> **Input data**:
[Start of Attachment]

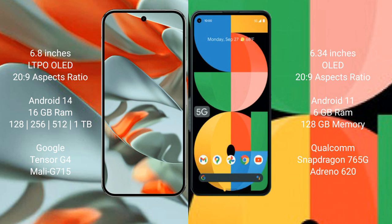The Google Pixel 9 Pro XL runs on the Android 14 operating system, while the Google Pixel 5a runs on the Android 11 operating system.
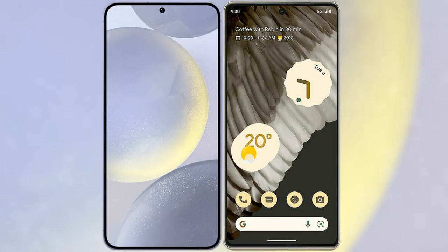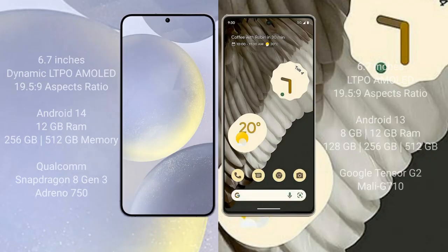I will compare the new Samsung Galaxy S24 Plus with Google Pixel 7 Pro. Samsung Galaxy S24 Plus comes with a 6.7-inch Dynamic LTPO AMOLED display and aspect ratio 19.5:9. Google Pixel 7 Pro comes with a 6.7-inch LTPO AMOLED display and aspect ratio 19.5:9.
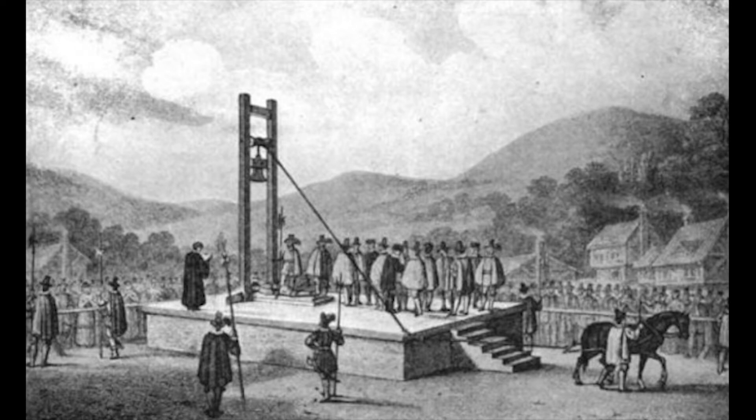When the time of execution arrived, the condemned was taken to the Halifax gibbet and forced to kneel. The thief would then place his neck at the base of the gibbet, his neck fitting snugly into the semicircular hole. As soon as his neck was in place, the rope or pin holding up the block was released and the weighted blade came down.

[End of Attachment]

> **Work task**:
Reproduce the lines above letter for letter. The pictures stay behind.

> **Response below**:
The Google Pixel 9 Pro XL runs on the Android 14 operating system, while the Google Pixel 5a runs on the Android 11 operating system.
I will compare the new Samsung Galaxy S24 Plus with Google Pixel 7 Pro. Samsung Galaxy S24 Plus comes with a 6.7-inch Dynamic LTPO AMOLED display and aspect ratio 19.5:9. Google Pixel 7 Pro comes with a 6.7-inch LTPO AMOLED display and aspect ratio 19.5:9.
When the time of execution arrived, the condemned was taken to the Halifax gibbet and forced to kneel. The thief would then place his neck at the base of the gibbet, his neck fitting snugly into the semicircular hole. As soon as his neck was in place, the rope or pin holding up the block was released and the weighted blade came down.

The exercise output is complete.